However, I wasn't disciplined with my diet during Mind. That + holiday gain = significant waistline fluff. I had dropped two inches from my waistline by the end of Iron in early Dec, and my waistline has expanded the same amount by mid-Feb. Let's see if we can drop one of those inches during this program. Being on Chisel is like seeing an old friend. This is my favorite Kenzai program. I love the intensity, the brevity of the workouts, the 6-week focus, the let's get it done and then we are done. The big focus for me will be staying on diet and avoiding alcohol. I have some indulgences that I want and plan to engage in - my parents' 50th anniversary dinner this Friday night, a lunch with colleagues long in the planning next Monday, my annual St. Patrick's Day dinner party on the 17th. If I just stick to those, I should be fine. There are some other challenges that are tempting but that I will navigate - both sons' birthday party this Saturday, date night to see Hamilton on March 7, two other nights out with colleagues. Those are the types of of extras that can break a program and I have allowed similar distractions to mitigate results in the past. So strength and courage.
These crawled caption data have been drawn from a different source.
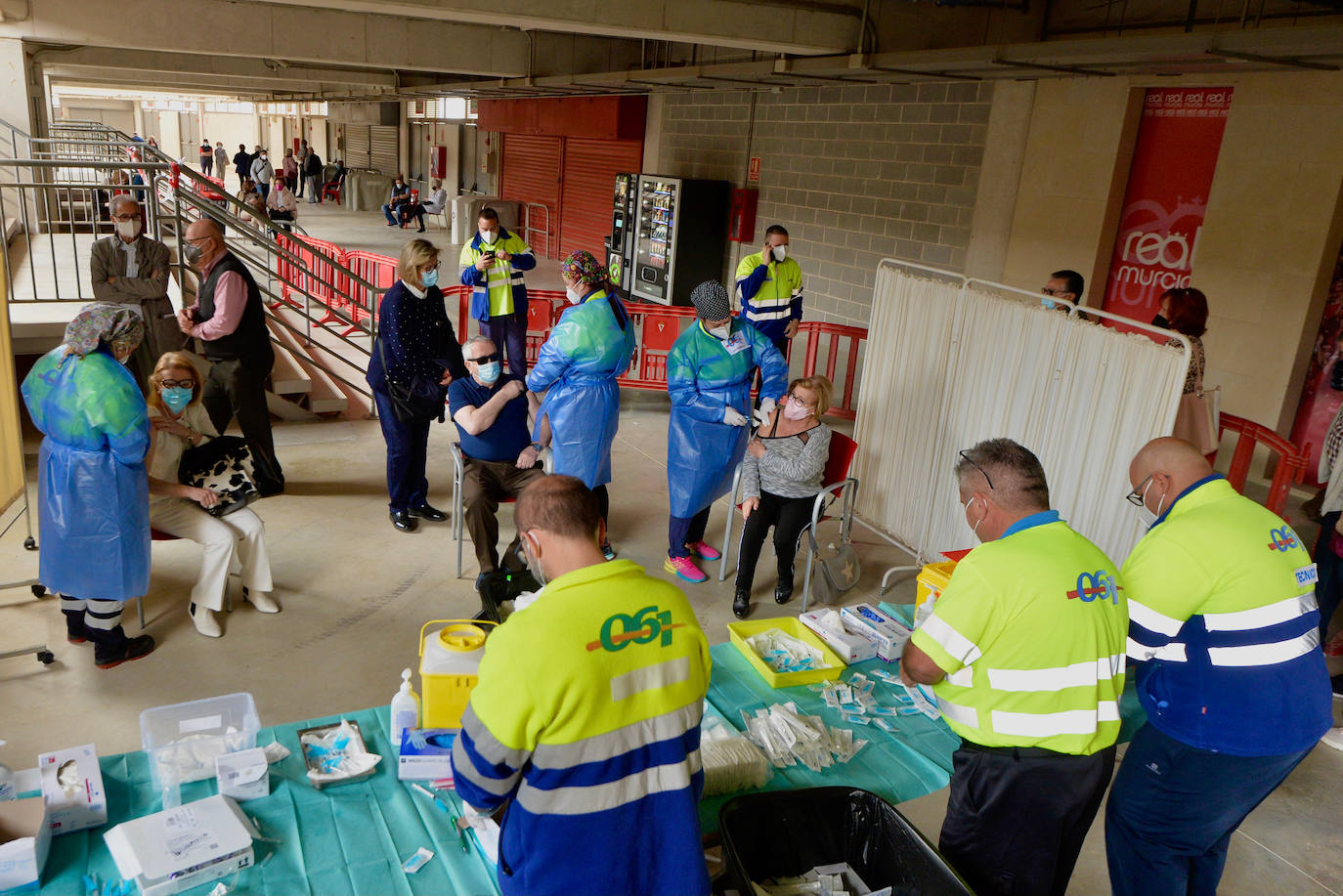 Fotos: Los pacientes en hemodiálisis de la Región comenzarán a recibir dosis de la vacuna contra la Covid esta semana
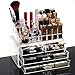 Produktbild Enyya, Aufbewahrungs-Ständer, Acryl, transparent, 4, 5 und 6Schubladen, für Kosmetik, Make-up, Nagellack, Kunst und Kunsthandwerk, Pinsel-Sets und Schmuck, 4 drawar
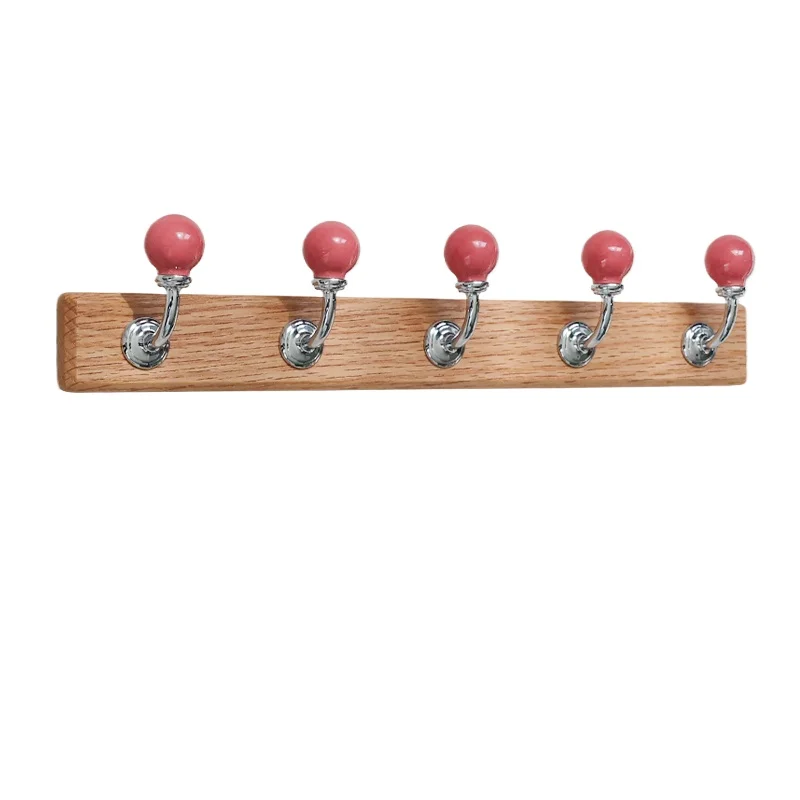 

Solid Wood Wall-Mounted Clothes Hook Minimalist Dopamine Decor for Eco-Friendly Home Storage & Compact Space Optimization Hooks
Here's the avocado toast that signals my start of program, and below is the mini-toast I made for my younger son because he's always coming for mine and I don't like to share.
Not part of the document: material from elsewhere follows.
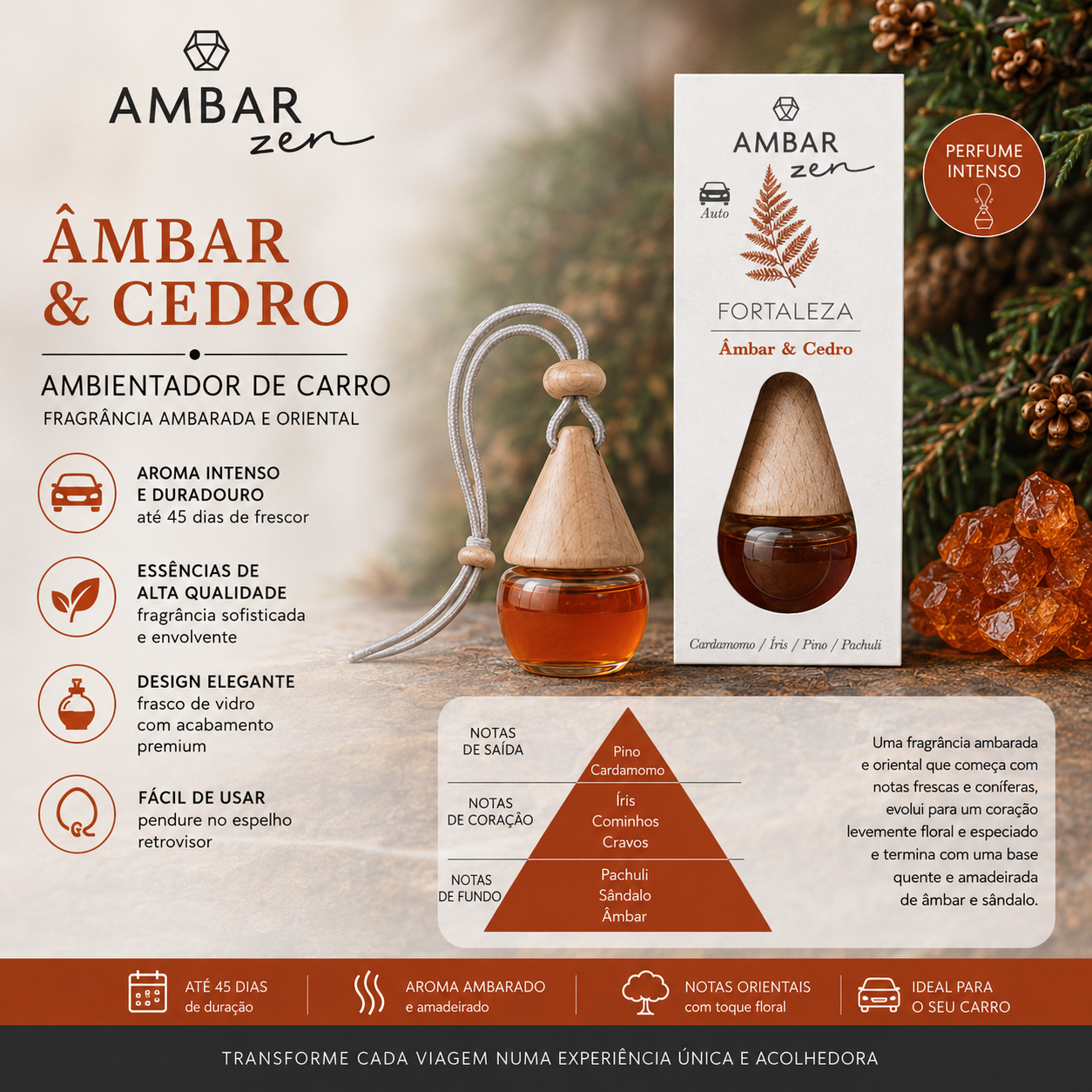 perfume carro amadeirado oriental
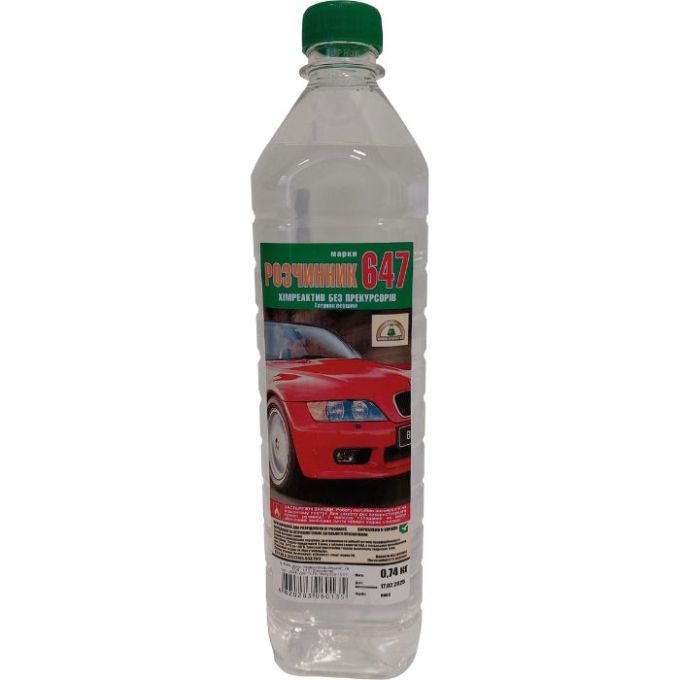 Розчинник-647 б/п 1,0 л/0,74 кг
Shit I Learned While Sitting Still GRADUATION POST
- Meditation is exercise. It feels like work and it will pay off. Some days it feels really great. Somedays it feels like crap and it's still a good idea to do it.
- It's not about eliminating thoughts. It's about recognizing though chains.
- For me, stopping though-chains is about smiling at them, letting them go, and coming back to the breath.
- That is really hard work.
- If I am consistent with it, there are payoffs. But the payoffs are inconsistent.
- Even with my busy schedule, I have time to do this 10-15 mins every morning. It's worth it.
- If I go for more than 20 minutes, cool shit may happen.
- Going for more than 20 minutes feels really long.
- I can be aware of my feelings and reactions throughout the day. I can choose to react, or I can choose to watch how I am reacting, and respond differently.
- That is really hard work.
- I still want to levitate.
I just meditated for 42 consecutive days, y'all. Plan is to keep going with 10 mins in the morning, 10 mins in the afternoon or evening, and 30 mins once a weekend. Meditation will be challenging to incorporate with my already busy mornings, but it's a worthwhile practice. Excited to see where this takes me. Thanks team for your patience, silliness, and honesty through this process.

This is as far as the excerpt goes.